Skutkiem orzeczenia separacji jest także to, że małżonkowie nie mogą powrócić do swojego dawnego nazwiska, bowiem małżeństwo formalnie nadal trwa. Po orzeczeniu rozwodu, to ograniczenie nie obowiązuje i strona może w terminie 3 miesięcy od dnia uprawomocnienia się wyroku rozwodowego, wystąpić do Urzędu Stanu Cywilnego o zmianę swojego nazwiska.

Istotną różnicą jest także czas trwania obowiązku alimentacyjnego między małżonkami (nie wobec dzieci), ale temu poświęcony jest osobny wpis dotyczący alimentów. 

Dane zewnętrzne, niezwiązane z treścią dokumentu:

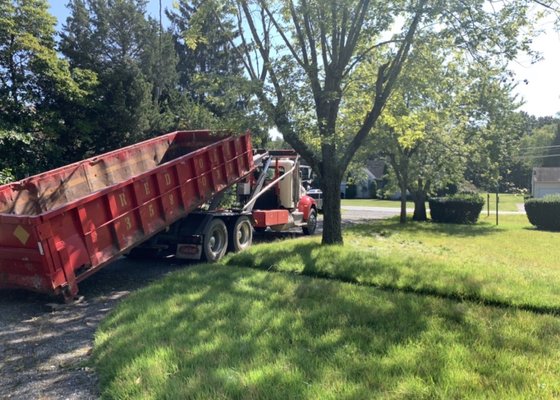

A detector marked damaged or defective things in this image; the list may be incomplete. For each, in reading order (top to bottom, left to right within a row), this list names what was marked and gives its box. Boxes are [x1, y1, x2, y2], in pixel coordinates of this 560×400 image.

rusty dumpster side panel [0, 131, 254, 296]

Podobieństwa między separacją a rozwodem.

Zarówno separację, jak i rozwód może orzec tylko i wyłącznie Sąd, po przeprowadzeniu postępowania. Właściwym jest Sąd Okręgowyw obrębie którego małżonkowie mieli ostatnie wspólne zamieszkanie, jeżeli choć jedno z nich jeszcze stale w danym okręgu przebywa.
Opłata od pozwu o separację jest taka sama jak od pozwu o rozwód i wynosi 600 zł. Sprawa o rozwód bądź separację kończy się wyrokiem, chyba, że zachodzi jeden wyjątek. W przypadku, gdy małżonkowie nie mają wspólnych małoletnich dzieci, sąd może orzec separację na podstawie ich zgodnego wniosku. W takiej sytuacji do sądu wnosi się wniosek, a nie pozew. Wniosek taki podlega opłacie stałej w wysokości 100 zł. Sąd zaś nie wydaje wyroku, lecz postanowienie. 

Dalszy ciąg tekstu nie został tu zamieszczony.